Thursday, 18 de April de 2024 ISSN 1519-7670 - Ano 24 - nº 1284

Memória curta em entrevista vergonhosa

Vergonhosa a entrevista do Jornal Nacional de quinta-feira passada com o presidente Lula. Após verdadeiros apertos nos candidatos Alckmin, Heloísa Helena e Cristovam (até ai tudo bem, trabalho do jornalista é fazer perguntas difíceis mesmo), Willian Bonner e Fátima Bernardes deram um colher de chá desproporcional ao presidente Lula.

As perguntas sobre corrupção estiveram direcionadas e afinadas, em sintonia com o próprio discurso de campanha de Lula e a forma como este tenta propor as discussões. Não nos esqueçamos de que o governo Lula aprovou o modelo japonês de TV digital, que era tudo que a Rede Globo queria e pedia aos céus (ou melhor, ao governo), jogando fora dinheiro, tempo e trabalho de pesquisa de várias universidades brasileiras que formularam o Sistema Brasileiro de Televisão Digital, projeto que democratizava a produção, veiculação e acesso à conteúdos.

Não nos esqueçamos também de que para grande parte dos brasileiros o Jornal Nacional é o único meio de construção da representação social e formação de elementos cognoscíveis sobre a realidade social que os cerca. Quer dizer, por exemplo, que se você nunca foi no Rio de Janeiro, não conhece ninguém que tenha ido, nunca leu nenhum livro ou viu, já no plano da ficção, nenhum filme ou novela sobre o assunto, como você sabe se o Rio de Janeiro é violento? Através do jornal. O que torna a parcialidade do Jornal Nacional ainda mais problemática tanto do ponto de vista da atividade jornalística quanto da prática democrática.

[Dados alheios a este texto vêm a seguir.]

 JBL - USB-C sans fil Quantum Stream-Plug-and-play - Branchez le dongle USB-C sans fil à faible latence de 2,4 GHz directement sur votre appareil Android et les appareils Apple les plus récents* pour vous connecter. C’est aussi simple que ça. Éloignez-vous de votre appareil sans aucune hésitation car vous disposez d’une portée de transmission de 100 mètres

Sobre as denúncias de corrupção, o casal perguntou se Lula mantinha a afirmação de que não sabia de nada. Como Lula manteve o apoio a companheiros acusados pela Procuradoria Geral da República, se em momentos anteriores se colocava como arauto da ética. Se eleitores não poderiam sentir um problema ético no governo se a cúpula do PT era chamada e definida como quadrilha pela Procuradoria. Lula voltou a afirmar que não sabia de nada, que é impossível saber de tudo o que acontece num governo, que nem pais sabem exatamente tudo o que está acontecendo com os filhos, e que no seu governo nunca a corrupção foi tão investigada, nunca a PGR, a Polícia Federal, a Controladoria Geral da União e as Comissões Parlamentares de Inquérito investigaram tanto. E foi isso. Nada mais.

O mesmo aviso

O que o Jornal Nacional esqueceu de perguntar foi que pouco importa (do ponto de vista do processo de decisão de voto) se Lula sabia ou não sabia, se pessoalmente cometeu ou não alguma irregularidade. Isto é um sintoma dos momentos iniciais das denúncias, quando se procuravam comprovações diretas de algum ato falho ou ilícito do presidente, para que o impeachment se consolidasse enquanto opção estratégica da oposição. Neste movimento, esqueceram de trazer a discussão para o plano do governo. Ora, o governo Lula não é só o Lula. Ele é seus principais ministros, dos quais o da Casa Civil, o da Fazenda e o da Saúde (o que muitos definiriam como os mais importantes) foram denunciados; ele é seu partido e os partidos aliados, todos denunciados seja no caso do mensalão seja no das sanguessugas; ele é os projetos que aprova, dos quais o relatório final da CPMI da compra de votos comprovou que pagamentos a parlamentares eram realizados ‘coincidentemente’ no mesmo período de votação destes projetos.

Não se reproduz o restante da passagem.